§ What is being asked
Copy everything in the data below exactly except the pictures.

§ Material for this task
- Opening Delimiter -
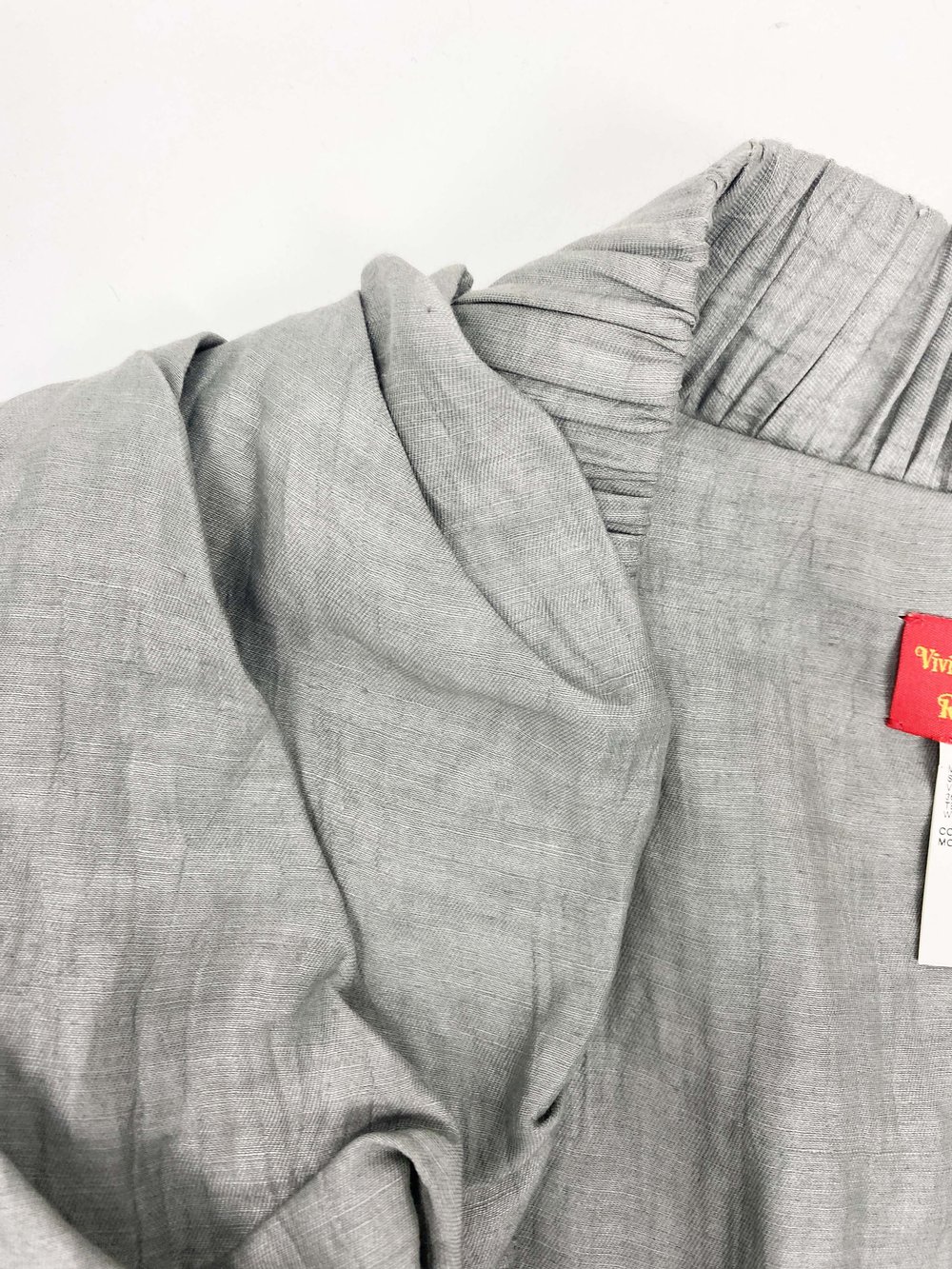 Vivienne Westwood S/S 2010 gray shrug — JAMES VELORIA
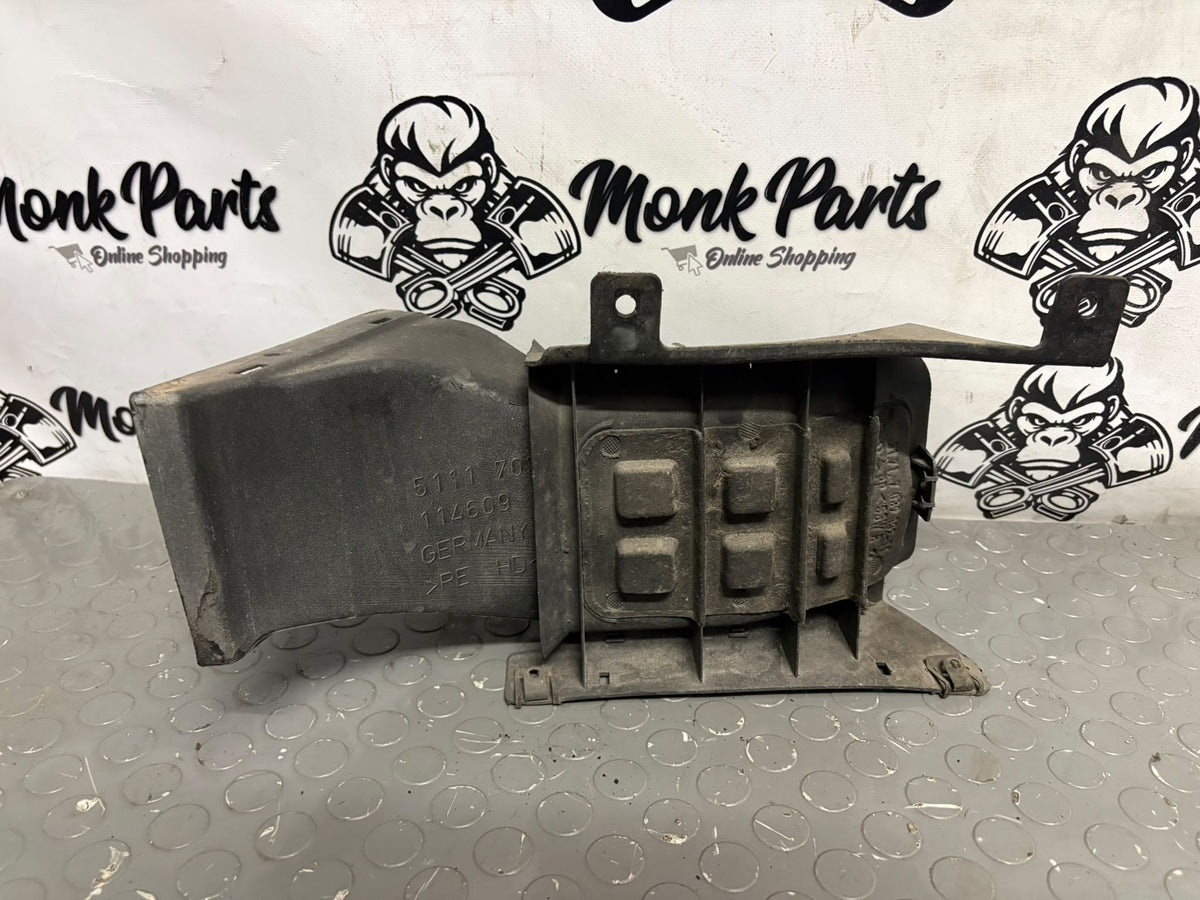 Canalizador aire derecho BMW SERIE 5 E60 7033704-12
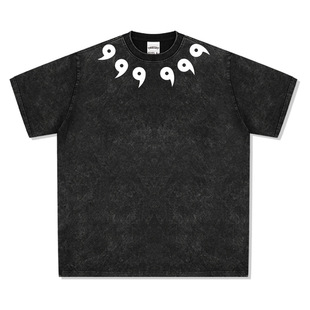 �羳��ʽ�͹ź�ɫ����Tattooӡ������T��Vintageˮϴ���f��������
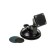 Magnetic phone holder on Skyway suction, short leg, black, S00301029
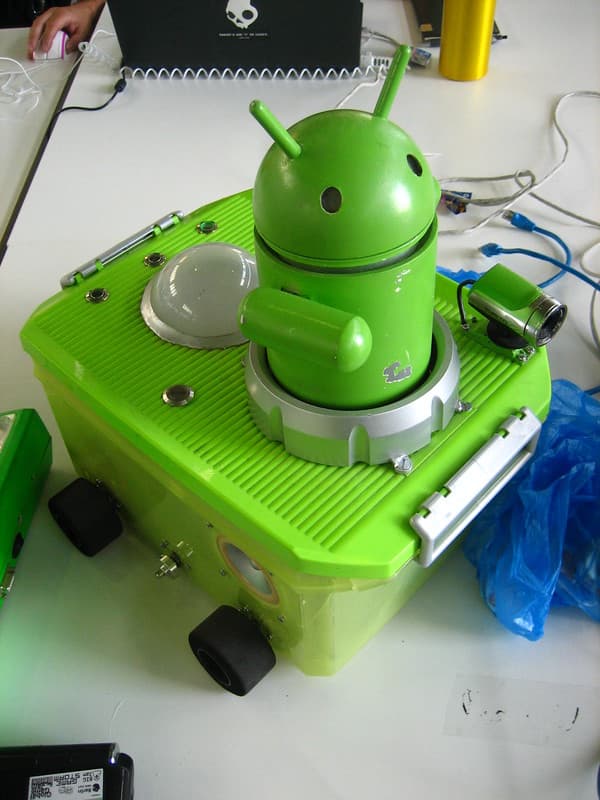 Android, berlin, campusparty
- Closing Delimiter -
§ Reply to the task
 Vivienne Westwood S/S 2010 gray shrug — JAMES VELORIA
 Canalizador aire derecho BMW SERIE 5 E60 7033704-12
 �羳��ʽ�͹ź�ɫ����Tattooӡ������T��Vintageˮϴ���f��������
 Magnetic phone holder on Skyway suction, short leg, black, S00301029
 Android, berlin, campusparty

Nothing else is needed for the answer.